Author comments upon resubmission
List of changes
1. We added Appendix A: Experimental realization, which explains the experimental parameters for the optical lattice and pre-tight binding approximation band structures. We also added a sentence in Sec. II referring to this appendix.
2. In Sec. IV, we clarified that the transition at large $W$ is a moir\'e transition and how this is related to the magic-angle transitions.
3. In Sec. V, we emphasized that high chemical potential is needed for the experimental realization.
4. We specified that the interaction can be tuned via a Feshbach resonance in Sec. V and included the references.
All changes are colored in blue in the resubmitted manuscript.
Published as SciPost Phys. 13, 033 (2022)
Reports on this Submission
Anonymous Report 2 on 2022-6-9 (Invited Report)

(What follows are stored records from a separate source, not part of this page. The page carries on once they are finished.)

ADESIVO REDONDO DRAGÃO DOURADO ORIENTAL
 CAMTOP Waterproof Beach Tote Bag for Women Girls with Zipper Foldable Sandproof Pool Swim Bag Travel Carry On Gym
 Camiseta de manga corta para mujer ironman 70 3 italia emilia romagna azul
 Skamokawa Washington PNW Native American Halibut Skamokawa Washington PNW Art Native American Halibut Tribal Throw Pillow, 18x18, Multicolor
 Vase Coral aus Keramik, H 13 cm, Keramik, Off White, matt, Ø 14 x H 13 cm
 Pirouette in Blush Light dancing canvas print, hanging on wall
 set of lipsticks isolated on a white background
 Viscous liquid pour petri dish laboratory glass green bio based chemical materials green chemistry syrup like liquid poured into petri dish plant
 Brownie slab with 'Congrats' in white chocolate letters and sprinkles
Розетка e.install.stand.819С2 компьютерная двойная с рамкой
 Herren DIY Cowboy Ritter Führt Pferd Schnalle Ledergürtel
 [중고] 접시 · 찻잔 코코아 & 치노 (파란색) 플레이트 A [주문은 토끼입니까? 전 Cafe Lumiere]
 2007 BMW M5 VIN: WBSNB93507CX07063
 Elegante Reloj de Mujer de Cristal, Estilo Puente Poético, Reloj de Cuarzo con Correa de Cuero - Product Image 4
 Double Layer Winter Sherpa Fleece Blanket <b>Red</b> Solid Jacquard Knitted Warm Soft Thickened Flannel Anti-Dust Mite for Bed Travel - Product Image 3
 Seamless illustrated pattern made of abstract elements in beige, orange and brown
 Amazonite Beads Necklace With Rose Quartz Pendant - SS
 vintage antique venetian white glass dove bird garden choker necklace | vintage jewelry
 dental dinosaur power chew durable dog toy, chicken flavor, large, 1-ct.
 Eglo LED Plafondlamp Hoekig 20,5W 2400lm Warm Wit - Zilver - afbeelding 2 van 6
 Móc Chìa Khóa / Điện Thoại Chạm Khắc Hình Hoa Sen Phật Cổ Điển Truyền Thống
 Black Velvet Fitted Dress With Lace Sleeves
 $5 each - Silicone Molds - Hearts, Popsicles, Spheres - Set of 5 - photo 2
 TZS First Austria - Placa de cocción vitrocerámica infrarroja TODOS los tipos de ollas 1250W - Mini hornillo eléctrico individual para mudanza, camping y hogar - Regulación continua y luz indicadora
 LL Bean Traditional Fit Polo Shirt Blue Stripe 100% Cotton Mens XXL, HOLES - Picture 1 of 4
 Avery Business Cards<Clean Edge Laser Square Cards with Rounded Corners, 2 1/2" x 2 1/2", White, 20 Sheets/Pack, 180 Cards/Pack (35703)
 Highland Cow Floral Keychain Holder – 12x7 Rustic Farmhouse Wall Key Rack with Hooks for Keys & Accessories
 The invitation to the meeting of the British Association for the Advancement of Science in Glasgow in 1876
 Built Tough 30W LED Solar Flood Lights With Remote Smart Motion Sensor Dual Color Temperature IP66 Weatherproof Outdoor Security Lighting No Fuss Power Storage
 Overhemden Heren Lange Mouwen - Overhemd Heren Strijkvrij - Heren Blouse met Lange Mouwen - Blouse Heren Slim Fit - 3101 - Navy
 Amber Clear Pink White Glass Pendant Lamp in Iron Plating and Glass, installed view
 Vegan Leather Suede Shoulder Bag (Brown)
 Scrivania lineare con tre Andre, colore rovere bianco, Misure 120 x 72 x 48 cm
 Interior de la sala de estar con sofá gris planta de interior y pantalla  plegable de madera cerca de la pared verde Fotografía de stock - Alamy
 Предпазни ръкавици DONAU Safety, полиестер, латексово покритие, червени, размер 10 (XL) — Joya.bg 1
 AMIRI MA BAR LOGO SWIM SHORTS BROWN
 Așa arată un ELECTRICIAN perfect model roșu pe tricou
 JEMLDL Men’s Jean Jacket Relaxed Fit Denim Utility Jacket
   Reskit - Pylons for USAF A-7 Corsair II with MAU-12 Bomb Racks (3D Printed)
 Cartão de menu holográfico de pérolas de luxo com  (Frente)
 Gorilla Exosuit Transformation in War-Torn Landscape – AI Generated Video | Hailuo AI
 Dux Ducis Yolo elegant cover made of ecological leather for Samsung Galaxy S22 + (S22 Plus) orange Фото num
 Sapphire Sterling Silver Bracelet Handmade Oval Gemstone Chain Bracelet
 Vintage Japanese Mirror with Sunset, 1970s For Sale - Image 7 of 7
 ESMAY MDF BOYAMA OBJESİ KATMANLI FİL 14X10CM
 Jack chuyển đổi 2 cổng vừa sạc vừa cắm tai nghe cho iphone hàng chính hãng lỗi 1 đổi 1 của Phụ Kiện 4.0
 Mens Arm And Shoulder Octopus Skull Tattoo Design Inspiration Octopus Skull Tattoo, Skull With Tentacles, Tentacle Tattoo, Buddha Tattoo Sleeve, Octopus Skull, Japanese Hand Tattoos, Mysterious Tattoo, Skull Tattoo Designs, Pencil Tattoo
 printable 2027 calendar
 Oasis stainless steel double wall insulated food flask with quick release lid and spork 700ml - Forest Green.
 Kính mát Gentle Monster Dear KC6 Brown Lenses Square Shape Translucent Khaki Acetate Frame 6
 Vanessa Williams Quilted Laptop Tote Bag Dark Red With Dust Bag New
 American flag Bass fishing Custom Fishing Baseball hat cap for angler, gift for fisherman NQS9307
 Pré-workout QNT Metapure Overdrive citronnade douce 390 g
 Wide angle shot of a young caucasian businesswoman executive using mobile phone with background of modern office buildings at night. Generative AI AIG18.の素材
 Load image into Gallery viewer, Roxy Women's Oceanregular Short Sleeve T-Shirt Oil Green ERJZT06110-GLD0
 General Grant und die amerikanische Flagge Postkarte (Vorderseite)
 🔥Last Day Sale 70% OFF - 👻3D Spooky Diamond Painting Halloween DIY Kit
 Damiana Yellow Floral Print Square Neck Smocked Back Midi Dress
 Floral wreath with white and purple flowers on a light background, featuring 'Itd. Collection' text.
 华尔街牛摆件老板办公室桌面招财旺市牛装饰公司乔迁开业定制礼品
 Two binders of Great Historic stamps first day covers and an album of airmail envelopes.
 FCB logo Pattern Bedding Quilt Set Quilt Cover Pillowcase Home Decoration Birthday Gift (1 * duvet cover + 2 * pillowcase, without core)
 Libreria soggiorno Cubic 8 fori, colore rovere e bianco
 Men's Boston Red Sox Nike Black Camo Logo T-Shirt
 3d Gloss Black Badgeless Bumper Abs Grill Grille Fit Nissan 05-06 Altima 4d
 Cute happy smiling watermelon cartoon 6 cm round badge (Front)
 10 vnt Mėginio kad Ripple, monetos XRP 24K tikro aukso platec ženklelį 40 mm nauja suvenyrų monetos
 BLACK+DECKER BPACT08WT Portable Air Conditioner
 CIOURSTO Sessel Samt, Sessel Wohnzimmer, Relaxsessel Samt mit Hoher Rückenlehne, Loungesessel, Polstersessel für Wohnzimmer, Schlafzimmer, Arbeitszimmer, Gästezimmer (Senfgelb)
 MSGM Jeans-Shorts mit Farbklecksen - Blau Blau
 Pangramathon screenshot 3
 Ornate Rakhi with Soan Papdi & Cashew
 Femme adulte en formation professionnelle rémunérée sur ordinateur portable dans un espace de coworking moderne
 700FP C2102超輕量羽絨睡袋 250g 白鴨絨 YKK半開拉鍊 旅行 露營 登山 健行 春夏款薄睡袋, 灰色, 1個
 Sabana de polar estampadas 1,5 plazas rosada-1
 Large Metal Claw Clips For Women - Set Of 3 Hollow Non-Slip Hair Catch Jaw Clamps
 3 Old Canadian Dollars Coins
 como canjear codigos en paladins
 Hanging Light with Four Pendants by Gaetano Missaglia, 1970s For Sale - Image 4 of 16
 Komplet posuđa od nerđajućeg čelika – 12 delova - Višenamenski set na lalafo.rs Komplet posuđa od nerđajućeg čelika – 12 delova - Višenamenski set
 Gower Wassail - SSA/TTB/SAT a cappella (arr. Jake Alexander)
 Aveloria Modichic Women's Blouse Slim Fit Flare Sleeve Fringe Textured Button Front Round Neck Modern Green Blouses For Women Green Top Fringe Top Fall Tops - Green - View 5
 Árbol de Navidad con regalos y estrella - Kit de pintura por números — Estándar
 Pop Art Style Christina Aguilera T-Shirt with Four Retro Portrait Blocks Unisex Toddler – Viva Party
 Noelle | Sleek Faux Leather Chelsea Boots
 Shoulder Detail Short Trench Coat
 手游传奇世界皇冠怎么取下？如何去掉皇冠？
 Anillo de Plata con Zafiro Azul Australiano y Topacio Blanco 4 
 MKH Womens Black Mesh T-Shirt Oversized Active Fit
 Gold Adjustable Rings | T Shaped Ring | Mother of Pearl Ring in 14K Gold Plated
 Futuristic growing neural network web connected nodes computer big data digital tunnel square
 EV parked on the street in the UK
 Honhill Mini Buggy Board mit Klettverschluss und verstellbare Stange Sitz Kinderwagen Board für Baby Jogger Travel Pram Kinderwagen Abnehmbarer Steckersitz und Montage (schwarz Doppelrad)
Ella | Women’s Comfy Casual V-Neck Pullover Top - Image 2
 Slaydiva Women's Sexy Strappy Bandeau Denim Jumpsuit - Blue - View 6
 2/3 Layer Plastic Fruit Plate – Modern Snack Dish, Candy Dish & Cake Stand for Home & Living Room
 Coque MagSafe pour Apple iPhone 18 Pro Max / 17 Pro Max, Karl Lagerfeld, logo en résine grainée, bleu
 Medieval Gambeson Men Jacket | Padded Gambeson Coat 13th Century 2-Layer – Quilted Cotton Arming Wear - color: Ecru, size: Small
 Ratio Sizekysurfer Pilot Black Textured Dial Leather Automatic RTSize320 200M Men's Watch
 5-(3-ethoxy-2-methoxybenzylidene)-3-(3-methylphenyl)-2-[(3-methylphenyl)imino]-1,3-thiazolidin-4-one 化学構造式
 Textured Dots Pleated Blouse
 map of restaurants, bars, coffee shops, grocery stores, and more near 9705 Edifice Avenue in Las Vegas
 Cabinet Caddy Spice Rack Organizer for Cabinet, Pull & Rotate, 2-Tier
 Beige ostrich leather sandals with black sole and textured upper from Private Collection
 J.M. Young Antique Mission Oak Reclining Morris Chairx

- Cite as: Anonymous, Report on arXiv:scipost_202203_00010v2, delivered 2022-06-09, doi: 10.21468/SciPost.Report.5211
Report
The authors have satisfied my concerns and questions from the last round of review through their detailed response as well as clarifications in the manuscript. I would also like to clarify the confusion I left in the 4-th question of my previous review. There, I was intended to ask how the solid line in Fig.3 will move upon increasing the order of the perturbation, which is merely from the perspective of presentation of this result, and I encourage the authors to also include the higher-order result in Fig.3. Nevertheless, the point that the higher-order perturbation prediction will move towards the numerical result is clear. In this sense, I recommend the manuscript to be published.